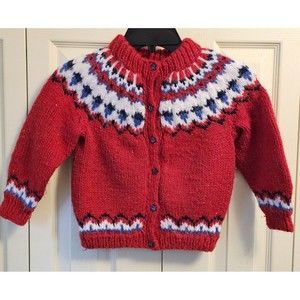 Hand Knit Toddler Sweater Wool Blend Fair Isle Red Crew Neck Unisex Cardigan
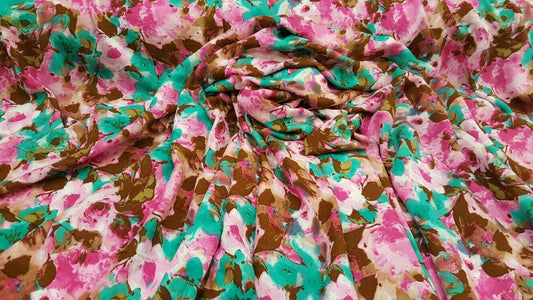 Rayon with Green Fuchsia aqua Brown flowers Floral Print Fabric by the yard soft flowy organic kids dress draping clothing decoration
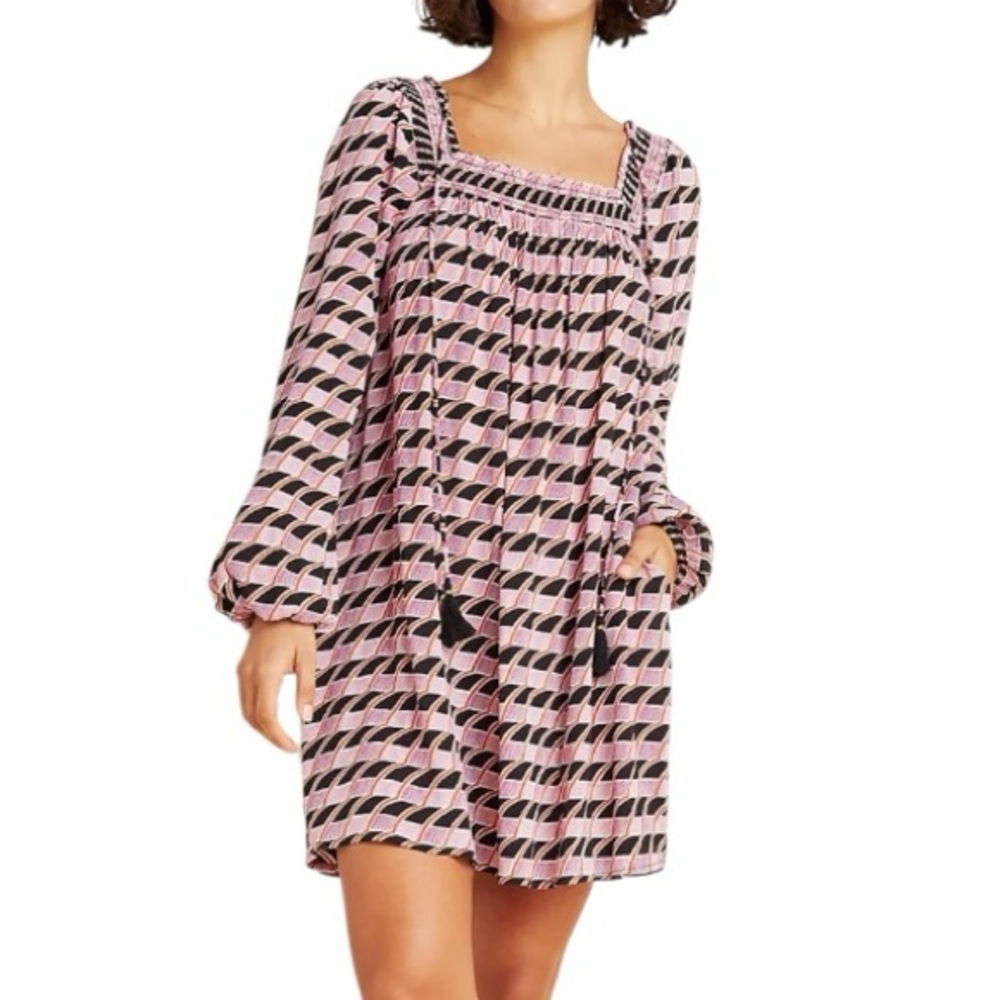 Anthropologie Maeve Adrienne Pink & Black Geometric Tassel Tunic Mini Dress - S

The problem =
Drop the images and return the data verbatim.

Reply to the task =
 Hand Knit Toddler Sweater Wool Blend Fair Isle Red Crew Neck Unisex Cardigan
 Rayon with Green Fuchsia aqua Brown flowers Floral Print Fabric by the yard soft flowy organic kids dress draping clothing decoration
 Anthropologie Maeve Adrienne Pink & Black Geometric Tassel Tunic Mini Dress - S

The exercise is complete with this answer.